Can Peugeot turn its style into substance at Le Mans?

Like its 905 predecessor, Peugeot’s dramatic 9X8 is having early struggles, but the story isn’t quite the same this time for the three-time Le Mans-winning marque

This is the third coming of Peugeot in top-line sportscar racing. The 9X8 Le Mans Hypercar that arrived in the World Endurance Championship in July last year is making its first Le Mans 24 Hours appearance in 2023 and follows the 905 3.5-litre Group C and the 908 turbodiesel LMP1 projects that upheld the honour of France at the big race with a trio of victories between them. Yet neither won at the first attempt. The 2023 WEC formbook would need to be ripped up and then pushed through the shredder for Peugeot to make it number four next month.

There’s a parallel between the 905 programme that began nigh on 35 years ago and today’s 9X8, though it is not quite what it seems. The company stylists had a big hand in the original version of the V10-powered 905, a porpoising handful that needed a thorough redesign to become a successful double Le Mans winner. The inputs from outside the racing department in the design of today’s avant-garde LMH are also clear to see from its aggressive front to the rear devoid of a conventional rear wing. 

The LMH rules were framed to allow a Le Mans contender to be imbued with styling cues of the brand – and for them not to be a hinderance in any way. It’s what drew Peugeot back into endurance racing for a first campaign in the reborn WEC, a programme signed off nearly eight years on from a board decision that consigned the third, hybrid iteration of the 908 known as the HYBrid4 to the dustbin just a couple of months before the start of the 2012 season.  

“The reason was the freedom of design,” says Peugeot motorsport boss Jean-Marc Finot of the decision to return to sportscars made in November 2019. “It was mandatory for us to have a car that incorporated the Peugeot design code, and that is easily recognisable.”
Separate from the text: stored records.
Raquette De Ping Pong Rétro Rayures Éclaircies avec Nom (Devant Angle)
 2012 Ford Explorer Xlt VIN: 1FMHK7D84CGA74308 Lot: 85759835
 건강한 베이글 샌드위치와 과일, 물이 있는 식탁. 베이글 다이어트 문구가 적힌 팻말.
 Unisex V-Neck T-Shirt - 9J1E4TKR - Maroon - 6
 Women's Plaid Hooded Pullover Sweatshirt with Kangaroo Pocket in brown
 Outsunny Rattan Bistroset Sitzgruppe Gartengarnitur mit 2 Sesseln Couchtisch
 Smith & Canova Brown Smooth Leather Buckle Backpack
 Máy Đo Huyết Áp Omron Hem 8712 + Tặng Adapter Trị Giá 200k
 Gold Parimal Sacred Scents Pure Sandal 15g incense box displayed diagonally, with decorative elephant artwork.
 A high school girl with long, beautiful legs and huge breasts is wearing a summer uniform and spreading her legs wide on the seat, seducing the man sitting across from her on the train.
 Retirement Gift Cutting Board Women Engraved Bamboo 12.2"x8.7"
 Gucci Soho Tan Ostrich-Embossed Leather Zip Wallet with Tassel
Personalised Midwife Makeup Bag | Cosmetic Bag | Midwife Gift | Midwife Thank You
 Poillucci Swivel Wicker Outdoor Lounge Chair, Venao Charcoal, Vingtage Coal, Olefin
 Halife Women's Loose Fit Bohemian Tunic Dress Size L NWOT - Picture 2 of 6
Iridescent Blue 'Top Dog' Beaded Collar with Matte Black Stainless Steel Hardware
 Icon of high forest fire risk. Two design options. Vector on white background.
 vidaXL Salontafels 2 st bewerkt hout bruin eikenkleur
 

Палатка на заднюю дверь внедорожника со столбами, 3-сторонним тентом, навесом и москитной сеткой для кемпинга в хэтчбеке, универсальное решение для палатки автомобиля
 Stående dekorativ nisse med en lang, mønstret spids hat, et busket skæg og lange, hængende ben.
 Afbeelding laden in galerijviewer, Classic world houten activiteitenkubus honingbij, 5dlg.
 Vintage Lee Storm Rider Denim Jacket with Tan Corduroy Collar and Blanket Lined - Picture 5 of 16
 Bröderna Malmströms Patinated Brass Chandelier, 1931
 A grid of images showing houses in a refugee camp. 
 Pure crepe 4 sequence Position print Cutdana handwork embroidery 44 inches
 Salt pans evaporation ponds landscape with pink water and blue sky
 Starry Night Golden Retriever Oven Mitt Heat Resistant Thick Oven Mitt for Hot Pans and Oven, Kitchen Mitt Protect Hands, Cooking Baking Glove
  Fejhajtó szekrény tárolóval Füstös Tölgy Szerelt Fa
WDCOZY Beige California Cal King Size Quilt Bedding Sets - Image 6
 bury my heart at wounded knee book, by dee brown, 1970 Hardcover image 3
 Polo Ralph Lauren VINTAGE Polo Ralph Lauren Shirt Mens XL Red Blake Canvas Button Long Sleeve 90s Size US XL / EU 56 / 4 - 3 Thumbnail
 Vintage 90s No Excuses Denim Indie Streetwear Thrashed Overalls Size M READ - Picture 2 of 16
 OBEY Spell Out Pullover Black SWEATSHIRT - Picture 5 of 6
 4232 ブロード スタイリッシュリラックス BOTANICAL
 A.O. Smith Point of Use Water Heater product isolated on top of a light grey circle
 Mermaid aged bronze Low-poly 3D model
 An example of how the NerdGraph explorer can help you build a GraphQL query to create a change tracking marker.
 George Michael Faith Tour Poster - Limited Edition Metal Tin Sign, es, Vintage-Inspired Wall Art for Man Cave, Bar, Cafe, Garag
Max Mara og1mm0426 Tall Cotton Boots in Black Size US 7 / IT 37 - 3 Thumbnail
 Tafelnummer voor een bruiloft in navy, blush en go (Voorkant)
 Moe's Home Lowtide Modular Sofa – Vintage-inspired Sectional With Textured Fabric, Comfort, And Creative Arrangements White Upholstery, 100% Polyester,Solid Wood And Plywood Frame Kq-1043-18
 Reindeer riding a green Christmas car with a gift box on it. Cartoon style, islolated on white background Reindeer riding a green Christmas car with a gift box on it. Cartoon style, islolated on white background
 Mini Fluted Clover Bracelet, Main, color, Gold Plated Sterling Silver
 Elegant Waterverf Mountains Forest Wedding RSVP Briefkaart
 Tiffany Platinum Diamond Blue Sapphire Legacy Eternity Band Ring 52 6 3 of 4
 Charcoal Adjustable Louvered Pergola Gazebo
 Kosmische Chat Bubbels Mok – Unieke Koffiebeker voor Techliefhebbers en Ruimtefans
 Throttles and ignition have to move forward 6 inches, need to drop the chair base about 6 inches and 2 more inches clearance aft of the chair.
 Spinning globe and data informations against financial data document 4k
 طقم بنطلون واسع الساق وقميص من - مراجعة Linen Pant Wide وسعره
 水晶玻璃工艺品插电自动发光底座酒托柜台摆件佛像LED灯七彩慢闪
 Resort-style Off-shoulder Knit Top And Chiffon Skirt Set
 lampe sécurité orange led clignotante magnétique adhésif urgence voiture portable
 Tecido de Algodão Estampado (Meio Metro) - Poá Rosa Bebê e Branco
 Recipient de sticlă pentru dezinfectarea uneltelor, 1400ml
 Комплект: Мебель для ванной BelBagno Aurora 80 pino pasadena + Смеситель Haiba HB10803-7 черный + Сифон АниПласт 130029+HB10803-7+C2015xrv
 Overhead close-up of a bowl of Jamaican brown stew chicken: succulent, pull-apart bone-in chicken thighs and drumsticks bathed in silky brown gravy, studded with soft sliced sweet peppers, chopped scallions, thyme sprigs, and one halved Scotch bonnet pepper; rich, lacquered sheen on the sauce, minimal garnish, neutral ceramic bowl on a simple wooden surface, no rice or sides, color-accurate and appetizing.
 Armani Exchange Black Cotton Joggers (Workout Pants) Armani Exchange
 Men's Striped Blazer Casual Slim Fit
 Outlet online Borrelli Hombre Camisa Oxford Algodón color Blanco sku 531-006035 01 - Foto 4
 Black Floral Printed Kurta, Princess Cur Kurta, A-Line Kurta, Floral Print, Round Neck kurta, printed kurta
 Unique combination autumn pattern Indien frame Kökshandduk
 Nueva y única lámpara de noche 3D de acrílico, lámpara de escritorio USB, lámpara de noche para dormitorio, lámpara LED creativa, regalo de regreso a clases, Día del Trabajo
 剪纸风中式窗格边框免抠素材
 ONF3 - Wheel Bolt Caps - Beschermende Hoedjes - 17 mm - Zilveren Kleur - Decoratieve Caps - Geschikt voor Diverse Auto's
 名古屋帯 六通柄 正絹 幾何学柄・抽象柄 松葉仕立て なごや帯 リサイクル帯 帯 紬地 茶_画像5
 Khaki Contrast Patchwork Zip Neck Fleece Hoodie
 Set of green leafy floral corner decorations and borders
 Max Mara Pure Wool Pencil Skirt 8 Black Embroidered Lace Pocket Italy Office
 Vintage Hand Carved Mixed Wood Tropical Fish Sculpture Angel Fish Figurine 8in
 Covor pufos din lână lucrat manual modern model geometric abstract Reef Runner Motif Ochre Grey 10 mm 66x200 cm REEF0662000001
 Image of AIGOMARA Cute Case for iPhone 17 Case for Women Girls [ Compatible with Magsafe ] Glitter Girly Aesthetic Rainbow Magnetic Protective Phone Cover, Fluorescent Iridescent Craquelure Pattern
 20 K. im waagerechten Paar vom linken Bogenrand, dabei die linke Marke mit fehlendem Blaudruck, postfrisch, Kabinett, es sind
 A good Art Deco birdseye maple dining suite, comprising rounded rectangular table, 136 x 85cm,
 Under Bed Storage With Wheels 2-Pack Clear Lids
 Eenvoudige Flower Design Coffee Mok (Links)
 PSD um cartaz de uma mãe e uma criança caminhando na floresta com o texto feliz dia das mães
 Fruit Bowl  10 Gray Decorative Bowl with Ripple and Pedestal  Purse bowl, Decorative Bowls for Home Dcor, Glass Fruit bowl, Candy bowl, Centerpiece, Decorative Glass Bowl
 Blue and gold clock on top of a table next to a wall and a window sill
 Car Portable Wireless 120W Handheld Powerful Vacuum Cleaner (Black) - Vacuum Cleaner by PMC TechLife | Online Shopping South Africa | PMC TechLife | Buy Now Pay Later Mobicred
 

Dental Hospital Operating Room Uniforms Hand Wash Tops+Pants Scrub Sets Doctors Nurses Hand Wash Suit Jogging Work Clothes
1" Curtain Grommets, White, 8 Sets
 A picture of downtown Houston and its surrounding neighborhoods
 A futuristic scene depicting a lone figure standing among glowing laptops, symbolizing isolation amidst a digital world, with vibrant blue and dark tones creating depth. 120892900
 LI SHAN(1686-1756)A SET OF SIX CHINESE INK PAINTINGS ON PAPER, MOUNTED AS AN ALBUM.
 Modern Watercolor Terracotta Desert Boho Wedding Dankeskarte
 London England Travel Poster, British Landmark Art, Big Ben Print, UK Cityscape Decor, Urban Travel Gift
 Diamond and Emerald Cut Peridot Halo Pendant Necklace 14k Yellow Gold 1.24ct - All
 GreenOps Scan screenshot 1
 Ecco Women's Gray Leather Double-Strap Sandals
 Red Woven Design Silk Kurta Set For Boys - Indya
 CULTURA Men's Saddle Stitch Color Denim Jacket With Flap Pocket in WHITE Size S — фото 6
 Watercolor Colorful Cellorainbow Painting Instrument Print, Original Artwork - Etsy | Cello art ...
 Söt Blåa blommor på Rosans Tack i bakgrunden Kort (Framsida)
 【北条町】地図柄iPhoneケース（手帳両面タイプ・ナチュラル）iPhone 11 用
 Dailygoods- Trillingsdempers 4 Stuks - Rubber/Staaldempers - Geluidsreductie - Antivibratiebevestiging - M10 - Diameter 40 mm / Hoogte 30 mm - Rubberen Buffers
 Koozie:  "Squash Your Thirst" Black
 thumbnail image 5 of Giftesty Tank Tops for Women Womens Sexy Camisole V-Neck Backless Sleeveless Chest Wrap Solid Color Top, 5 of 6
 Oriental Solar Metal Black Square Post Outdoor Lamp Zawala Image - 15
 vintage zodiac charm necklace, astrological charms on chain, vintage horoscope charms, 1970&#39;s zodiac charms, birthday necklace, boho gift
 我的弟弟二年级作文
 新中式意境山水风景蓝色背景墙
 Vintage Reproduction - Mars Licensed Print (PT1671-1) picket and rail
The first prototype to emerge from a Peugeot Sport department established by Jean Todt in 1981 was very much recognisable as a Peugeot: it took its shape from a supercar concept known as the Oxia unveiled at the 1988 Paris motor show. The aerodynamics of the 905 that started racing at the back end of the 1990 World Sports-Prototype Championship were, says Peugeot regular, Philippe Alliot, “styled rather than designed”. British engineer Tim Wright, who joined Peugeot at the behest of star signing Keke Rosberg to help sort the car, reckons “the stylists had had a free hand”. He admits that he was “amazed that this thing that looked so good was so hopeless”.

PLUS: How a troubled racer became the last great Group C car

Just how hopeless became apparent – paradoxically – on the occasion of the first victory of the car. Peugeot drivers Alliot and Mauro Baldi lucked into victory at the opening round of a series renamed the Sportscar World Championship at Suzuka in April 1991. The 905 was the first pukka 3.5-litre Group C car, which meant there was little by way of a yardstick when it had turned up to the Montreal and Mexico City rounds of the WSPC in 1990.

While the initial 905 was a disaster, it prevailed after several revisions

While the initial 905 was a disaster, it prevailed after several revisions

Photo by: Rainer Schlegelmilch

Now it faced another clean-sheet 3.5-litre design, Jaguar’s goalpost-moving XJR-14. The best Peugeot had been a whopping 2.5 seconds behind the pole-winning British car in qualifying. Minor issues accounted for the Jags that day, but Peugeot knew it was in trouble. There was a sense of shock in the crisis meeting that followed at the old Peugeot Sport headquarters at Velizy on the outskirts of Paris.

“We sat there and asked, ‘What can we do?’,” remembers Alliot “We might have won the race, but we had seen how uncompetitive the car was.”

What Peugeot did was instigate a hurried, yet major development programme focused on aerodynamics that turned a recalcitrant machine into a competitive proposition inside three months. A car delightfully known as the 905 Evo 1 bis didn’t win straight out of the box at the Nurburgring, but it would notch up a 1-2 on home ground at Magny-Cours in September, Rosberg and Yannick Dalmas leading home Alliot/Baldi. It then repeated the trick, with the 905s in the same order, in Mexico City before the season was over. 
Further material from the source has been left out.